Spatio-temporal structures in ensembles of coupled chaotic systems
V.S. Anishchenko Physics Department, Saratov State University named after N.G. Chernyshevsky, ul. Astrakhanskaya 83, Saratov, 410012, Russian Federation
We present a review of numerical results of studies of the complex dynamics of one- and two-dimensional networks (ensembles) of nonlocally coupled identical chaotic oscillators in the form of discrete- and continuous-time systems, as well as lattices of coupled ensembles. We show that these complex networks can demonstrate specific types of spatio-temporal patterns in the form of chimera state. The latter is known as the coexistence of spatially localized domains of coherent (synchronized) and incoherent (asynchronous) dynamics in a network of nonlocally coupled identical oscillators.

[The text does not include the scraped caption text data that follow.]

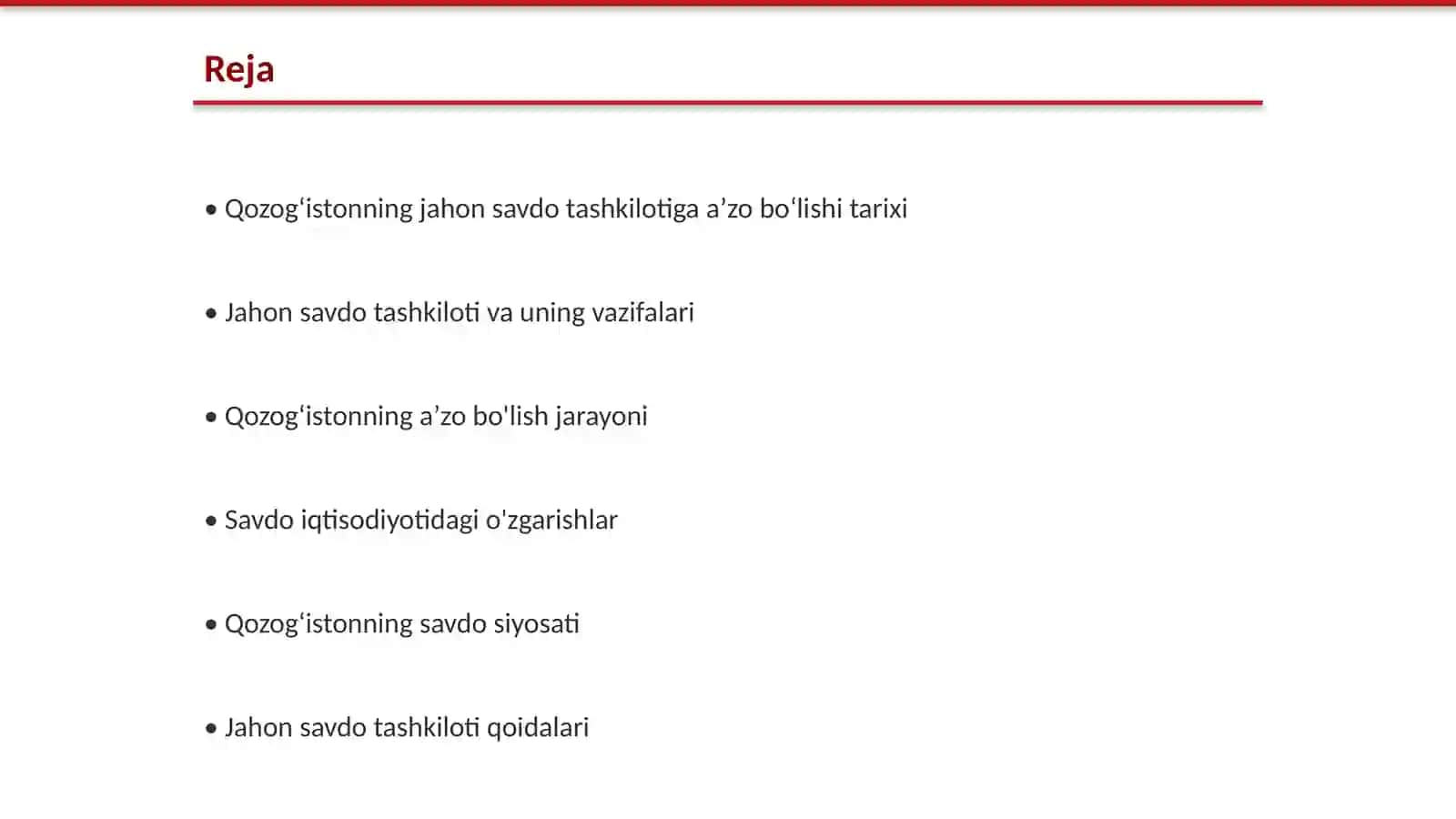 Qozogʻistonning jahon savdo tashkilotiga aʼzo boʻlishi 2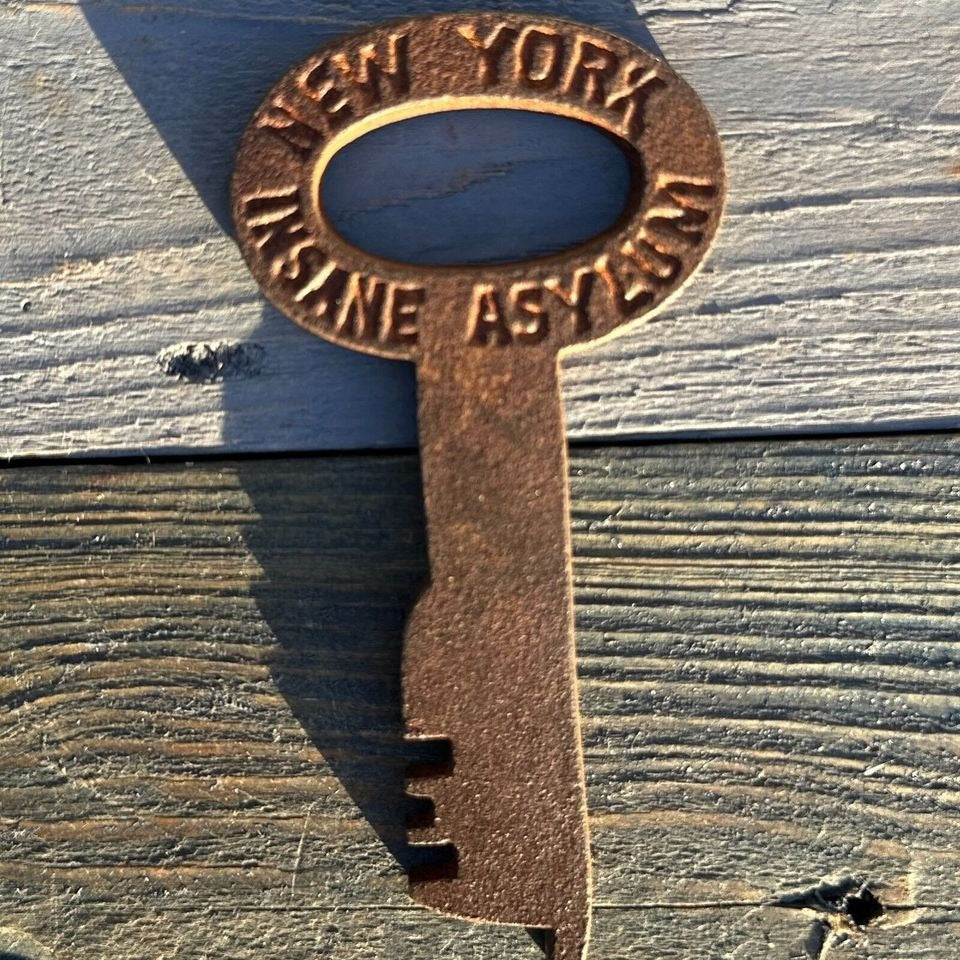 New York Insane Asylum Cast Iron 5-Key Set (3.5" Long)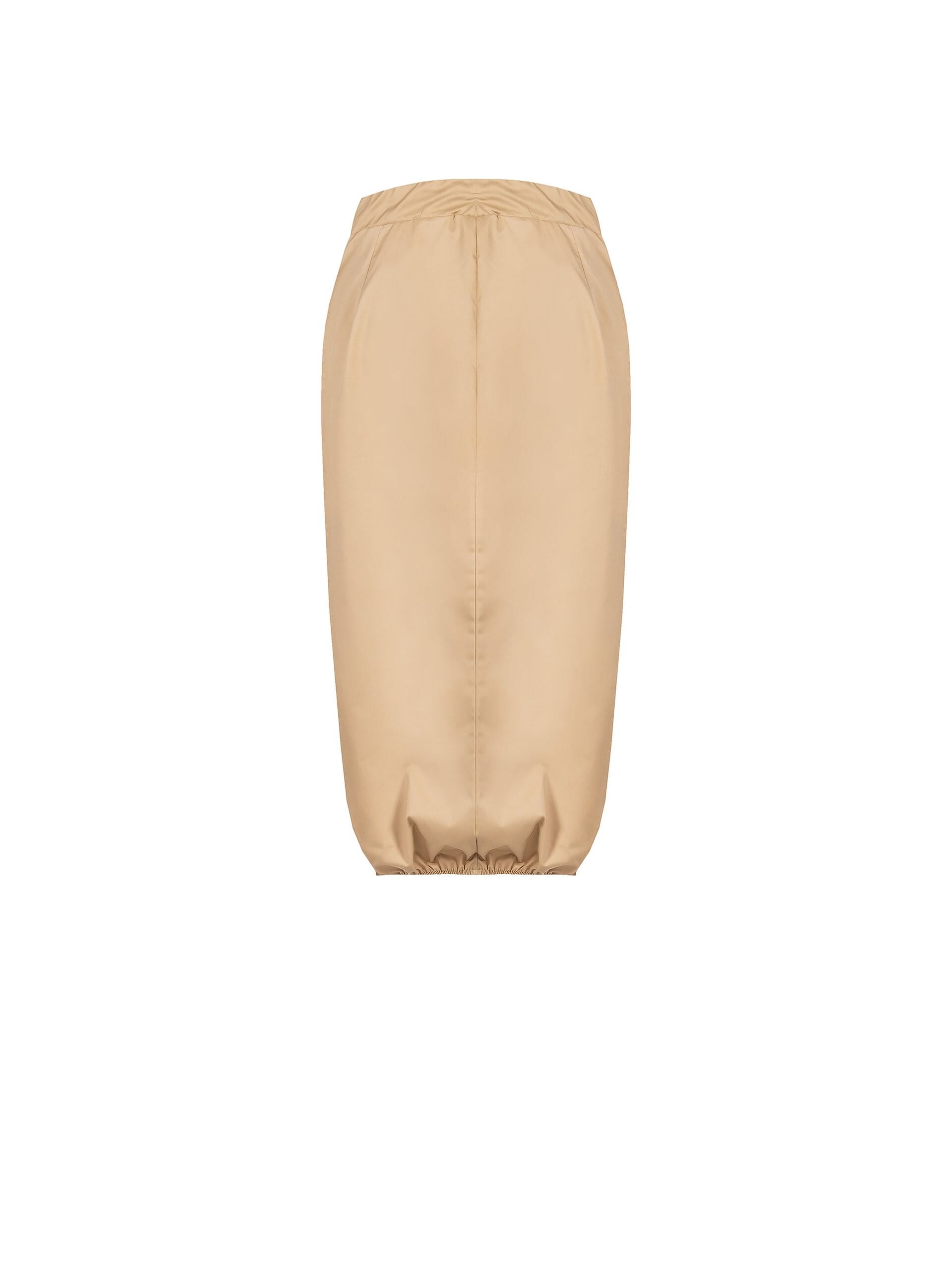 Longuette en coton mélangé avec pochette Maxi avec fermeture éclair Rinascimento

In the review phase, amplitude, double-well chimeras and solitary states, are described and their basic characteristics are analyzed and compared. We stand out two basic discrete-time models, the Henon and Lozi maps, which can be used to describe the typical chimera structures and solitary states in networks of a wide range of chaotic oscillators. We discuss the bifurcation mechanisms of their appearance and evolution.
In conclusion, we describe effects of synchronization of chimera states in coupled ensembles of chaotic maps. The review is a monographic review of the research results published by the authors.